とはいえ、可能性に満ちた深海を調査するためには、一時的ではなく長期的に滞在する必要があります。
現在開発中の海底居住施設「センチネル」では、水深200mの深海で、人々が一度に最長28日間滞在できます。
この施設は、宇宙に浮かぶ実験施設「宇宙ステーション」と同じく、モジュール式を採用しています。
複数のユニットを様々な形に繋ぎ合わせることで、人間が作業したり生活したりするスペースを広げていくことができます。
例えば、居住用のモジュールや実験用のモジュールがあり、内部のデザインも変更できます。
現在公開されている居住区の画像では、深海施設とは思えないほど洗練されたキッチン・浴室・ベッドルームを確認できます。

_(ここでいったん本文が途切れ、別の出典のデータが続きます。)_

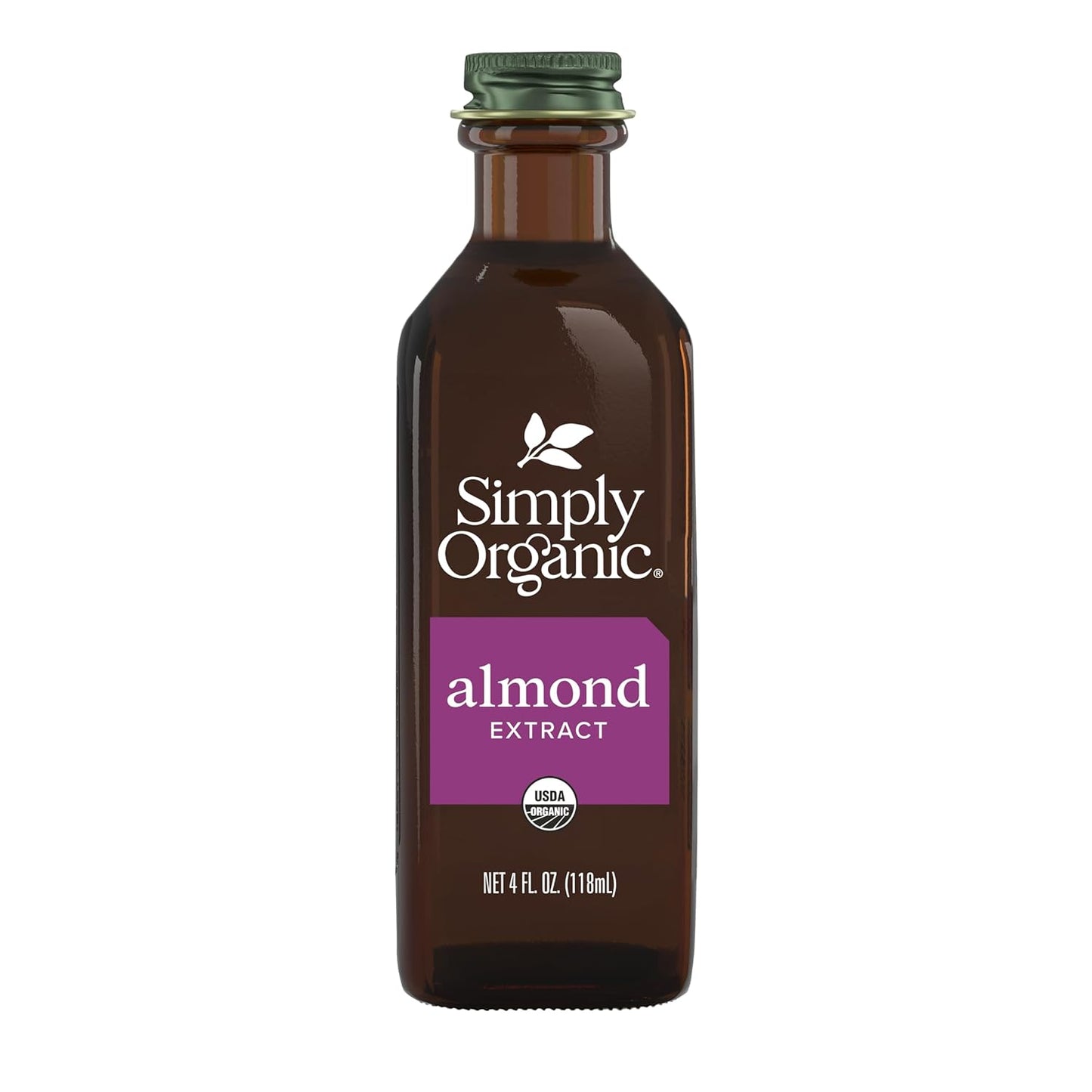 Simply Organic Almond Extract, 4 Ounce Glass Jar, Warm Sugar-free Vegan Flavor for Desserts, Coffee and Smoothies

従来の潜水艇のイメージとは大きく異なり、共用スペースや作業スペースも広々としていますね。
内部は地上と同じ1気圧に保たれるため、生身でも快適に生活できるようです。
そしてこれらセンチネルには研究所や観測所が備わっており、深海でしか得られない貴重なデータを収集・研究します。
この施設を用いるなら、海底における考古学を大きく前進させられるでしょう。
DEEPは、「従来のダイビング技術で数カ月かかった回収ミッションを数日から数週間で完了できる」と主張しています。
加えて、大学や教育機関、ダイビング産業とも連携していくことも考慮されています。
またセンチネルの耐用年数は20年で、世界中の様々な場所に再配置し、効率的に使用することも可能なのだとか。
そしてDEEPの将来の目標は、センチネルを「海の国際宇宙ステーション」にすることです。
センチネルを拡大し、大規模に配置。海における多国籍の研究ステーションにするというのです。
DEEPによると、世界中の研究者たちによって製薬やCO2回収など、幅広い研究が進展する可能性があるようです。
センチネルのオープンは2027年を予定しており、現在DEEPは、内部圧を維持するモジュール設備や廃棄物を処理する大規模なバイオリアクターの開発、優秀なダイバーの育成に取り組んでいます。
上空400kmにある国際宇宙ステーションと比べてもはるかに近いため、センチネルでの生活は、より身近な「未知の世界」体験と言えるでしょう。
深海の隔離施設というとモンスターパニック映画やミステリーの舞台みたいですが、そんなフィクションではおなじみの舞台が現実になろうとしています。
深海は不安とワクワクが隣り合わせの未知の世界です。
一般の人々がそんな空間に長期間滞在する日も遠くないかもしれません。